Pero que no cunda el pánico, porque si se muere, es decir, si ya no cuenta en la vida de las personas, quedan el Hijo y el Espíritu Santo rigiendo los destinos del Universo Mundo. Así que, ¿a qué lamentar tanto la muerte o el ocaso de Dios? La verdad. No le encuentro mucho sentido a todas estas lamentaciones. El futuro de la casa Dios está más que asegurada.
Hay otro aspecto, más mundano, que también tiene su retranca pesimista y es el que más nos afecta. Porque debemos aguantarla, queramos o no. Me refiero a la cara que ponen los obispos cuando hacen este pronunciamiento escatológico. Los pobres dan a entender que la muerte de Dios Padre les afecta en verdad. ¡Hay que ver qué caras de estreñimiento! ¡Qué rostros de tormento y de angustia! Se queda uno más con estos ojos de besugos desnucados obispales que con el terrible anuncio de la muerte de Dios Padre.

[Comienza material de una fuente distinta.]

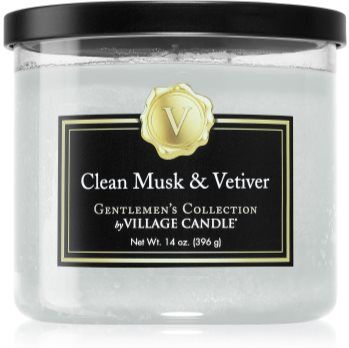 Village Candle Gentlemen's Collection Clean Musk & Vetiver vela perfumada 396 g. Gentlemen's Collection Clean Musk & Vetiver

¿Estos son obispos de fe? ¿Estos son sujetos que creen en un Dios Eterno y Omnipotente? ¿De verdad creen que Dios se iría al garete caso de que España rompiera de una vez por todas con el Concordato? ¿De verdad creen que Dios la espicharía caso de que España no diera un euro a las arcas y cepillos de la iglesia? ¿De verdad imaginan que Dios se moriría por el horrible hecho de que alguien cediese a la tentación de declarar urbi et orbi su Muerte? ¿De verdad sospechan siquiera que Dios Padre expiraría caso de que en España se aprobase la ley del aborto o se declarase la laicidad de Estado?
Estos obispos deberían mirársela. La fe. Porque insinuar tanta fragilidad en un ser que se supone Eterno y Omnipotente acabará por producir un grave desconcierto entre los creyentes, y quién sabe si, además, algún disgusto. Mal ejemplo, pero muy mal ejemplo es el que da esta cohorte de purpurados al presentar un Dios débil, viejo, decrépito, con parkinson y alzheimer. Ya lo he dicho, en
Quizás es que vean a Dios como imagen de ellos mismos, en esa edad avejentada tan propicia para participar en los viajes del Inserso. Está muy mal dar pistas al enemigo, pero en esta ocasión seré condescendiente. Les aconsejaría que evitaran estas declaraciones, más o menos luctuosas. No porque sean ciertas, verdaderas, verosímiles o circunflejas. Es que, como sigan hablando de este modo, se les va a terminar el negocio sin que se lo esperen. Puede llegar un momento en que los verdaderos creyentes se acerquen a las iglesias no a pedir cobijo y socorro a Dios, sino a ofrecérselo para defenderlo de los tipos como Rouco, Cañizares y Martínez Camino, que, a lo que se ve, no confían para nada en su eternidad ni en su poder.
Peor aún, parece como si estuvieran opositando a ocupar su lugar.